Friday, February 06, 2009

The party of responsibility

It hasn't taken long after the introduction of Deficit Jim's initial budget for both the Libs and Cons to start bidding up any federal stimulus plan. But with plenty of stories pointing out the Cons' consistent failure to accomplish anything useful while dispensing billions of public dollars, the result may be to create a huge opening for the NDP to brand itself as the party of fiscal responsibility.

To start off with, let's note that the seemingly safer route for both the Libs and the Cons is to push for more and more stimulus. In the Libs' case, any mention of added stimulus funding can serve to try to distinguish themselves from the Cons as more responsive to concerns raised by the recession. But the Cons would naturally prefer to avoid letting the Libs draw that contrast, which makes them likely to try to keep pace with any requests to toss more money on the pile.

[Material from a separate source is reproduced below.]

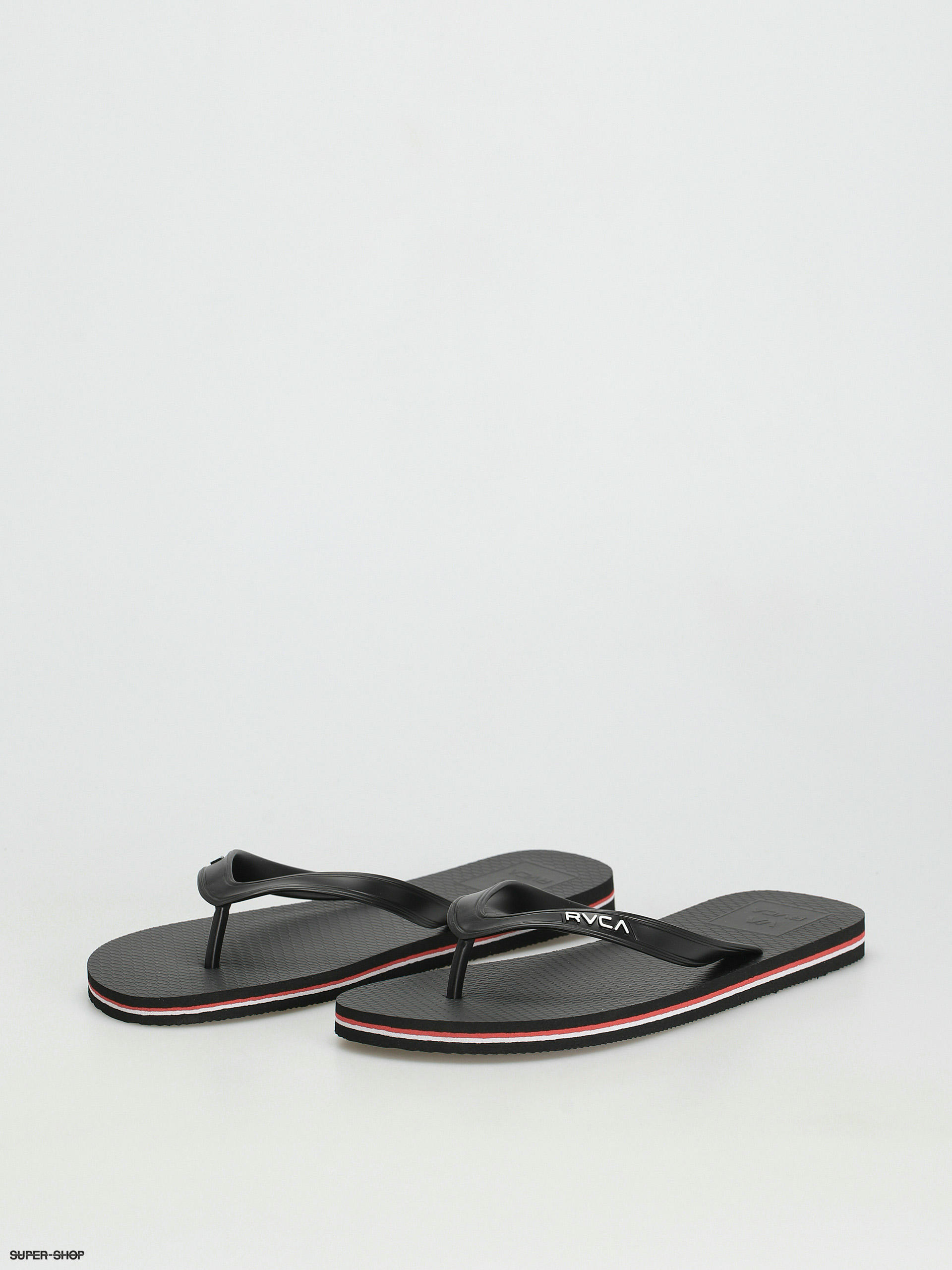 Rvca slippers hot sale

Of course, both will also talk about trying to be fiscally responsible in the process. But that's where the opening for the NDP comes in.

After all, the wave of news this week simply confirms the reality that the Cons' management of public funds has been woeful from day one. Already, there's evidence to suggest that the impending sea of red ink could have been avoided if not for the Cons' irresponsibility.

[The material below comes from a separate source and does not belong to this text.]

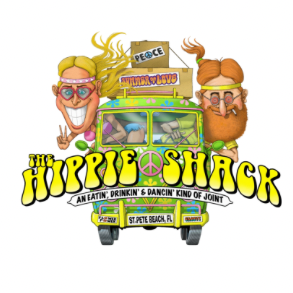 Hippie Shack Radio .com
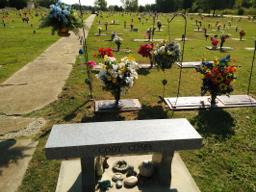 Green Hill Funeral Home & Cemetery in Sapulpa Oklahoma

With reports pointing out that past Con spending has produced few if any demonstrable results, a case can be made that while genuine stimulus would be a plus, Deficit Jim and company figure to do more harm than good if given more money to play with. And that can stick to the Libs as well while they support the Cons, particularly if they're the ones publicly suggesting that Flaherty should be doling out more than he is.

Now, the first reaction would almost certainly be a suggestion that the NDP would be playing against type with such a move, notwithstanding the NDP's superior governing record and support for balanced budgets. But even that might not be a negative, particularly to the extent it gives the media a hook to write about the NDP's position. While columns saying that "even the NDP is sounding more responsible than the other parties" may be condescending initially, they can easily lay the groundwork for a message which cuts out "even" and "sounding" to make for a genuinely positive association.

And the longer-term benefits to the NDP could be massive if it succeeds in building that link. With the Cons simultaneously abandoning the idea of balanced budgets and getting tarred with the patronage brush, the main factor keeping their deficit-hawk supporters from turning elsewhere may be the lack of a seeming alternative. But if the NDP can change that calculus, then the result may be to topple the Cons from power - and to place the NDP in a stronger position than ever before.